Facebook has been big on using flash for some time now. They use it for cache, database applications, and boot drives. While flash gives them the performance they are looking for it has a few drawbacks such as not scaling effectively. Flash density doubles roughly every year and a half making efficient scaling an issue. Facebook has been looking for ways to minimize the number of hardware building blocks while maximizing the total amount of flash available for given applications. Facebook saw disaggregating the hardware and software components as a possible solution to improving its operational efficiency. Enter their JBOF, Lightning.
Lightning provides a PCIe gen 3 connection from end to end (CPU to SSD). In order to provide a faster time to market, maintain a common look, enable modularity in PCIe switch solutions, and enable flexibility in SSD form factors Facebook is leveraging the existing Open Vault (Knox) SAS JBOD infrastructure. Facebook had to use a certain topology to implement the new JBOF (pictured above) and new boards:
- PCIe retimer card. This x16 PCIe gen 3 card is installed in the Leopard server, which is used as a head node for the JBOF. It is a simple, low-cost, low-power design to retransmit the PCIe signals over external mini-SAS HD (SFF-8644) cables of at least 2 meters.
- PCIe Expansion Board (PEB). The PCIe switch, the Lightning BMC, and all the switch support circuitry are located on this board. One PEB is installed per tray of SSDs and replaces the SAS Expander Board (SEB) used in Knox. This allows us to use a common switch board for both trays and also allows us to easily design new or different versions (with next generation switches, for example) without modifying the rest of the infrastructure.

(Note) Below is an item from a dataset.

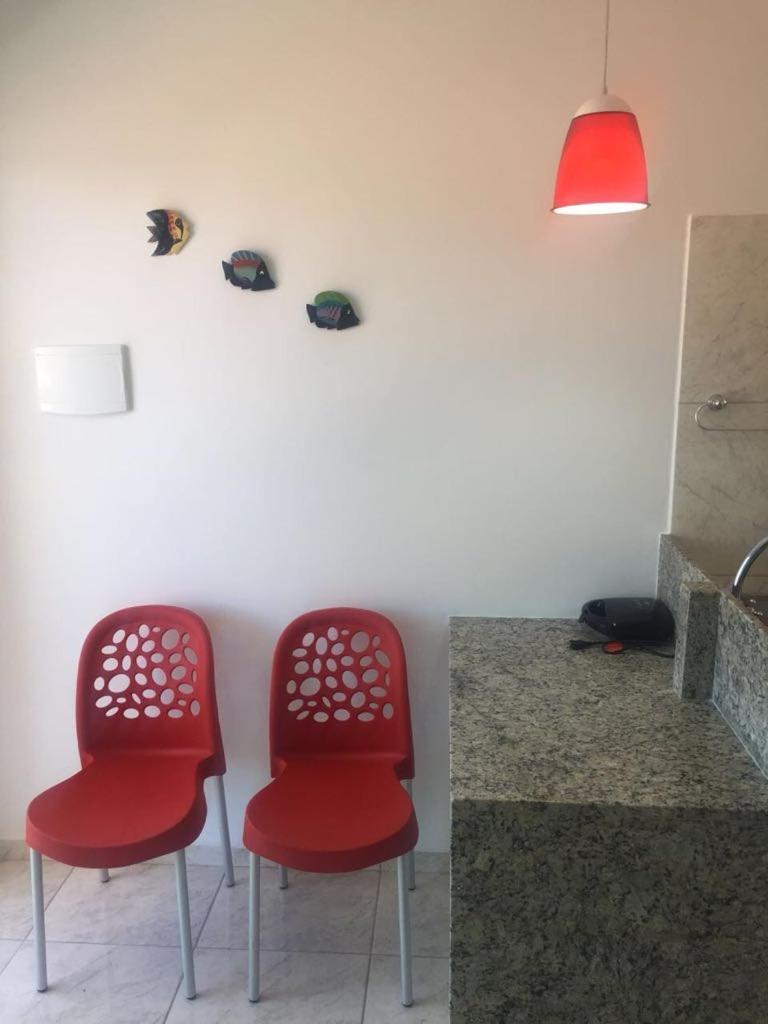 Flats Parada Obrigatoria Maragogi Dış mekan fotoğraf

Each PEB features up to 32x lanes of PCIe as the uplink(s) to the retimer in the head node and 60x lanes of PCIe to the SSDs. The PEB can be hot-swapped if it fails without affecting the other tray in the system.
- PCIe Drive Plane Board (PDPB). The PDPB contains the 15x SFF-8639 (U.2) SSD connectors and support circuitry. Each SSD connector, or slot, is connected to 4x lanes of PCIe, PCIe clocks, PCIe reset, and additional side-band signals from the PCIe switch or switches on the PEB. Each SSD slot can also be bifurcated into 2x x2 ports, which allows us to double the number of SSDs per tray from 15x to 30x (from 30x per system to 60x per system) without requiring an additional layer of PCIe switching.
- Lightning can support a variety of SSD form factors, including 2.5", M.2, and 3.5" SSDs.
- Lightning will support surprise hot-add and surprise hot-removal of SSDs to make field replacements as simple and transparent as SAS JBODs.
- Lightning will use an ASPEED AST2400 BMC chip running OpenBMC.
- Lightning will support multiple switch configurations, which allows us to support different SSD configurations (for example, 15x x4 SSDs vs. 30x x2 SSDs) or different head node to SSD mappings without changing HW in any way.
- Lightning will be capable of supporting up to four head nodes. By supporting multiple head nodes per tray, we can adjust the compute-to-storage ratio as needed simply by changing the switch configuration.
While an all NVMe sounds like a wonderful idea there are some concerns that need to be address before they can be implemented into data centers everywhere. NMVe can’t be hot-plugged or hot-added in the same fashion SAS drives can be. Currently PCIe hot-plugging is complicated. PCIe does not have an in-band enclosure and chassis management scheme like the SAS does, making management tricky. Part of the layout and new boards deals with retaining signal integrity. As opposed to using external PCIe cables, Facebook chose mini-SAS HD cables (SFF-8644). The cables use a full complement of PCIe side-band signals and a USB connection for an out-of-band management connection. And Facebook is dealing with power consumption of NVMe, a 2.5” NVMe SSD can use as much as 25W. Lightning is limiting the power to 14W per slot.
Lightning is designed to be a flexible, scalable solution for flash. It supports multiple SSD form factors and multiple head nodes while using a power level that makes sense for its targeted IOPS/TB. Adding this solution to OCP should bolster the NVMe ecosystem and accelerate the adoption of NVMe SSDs.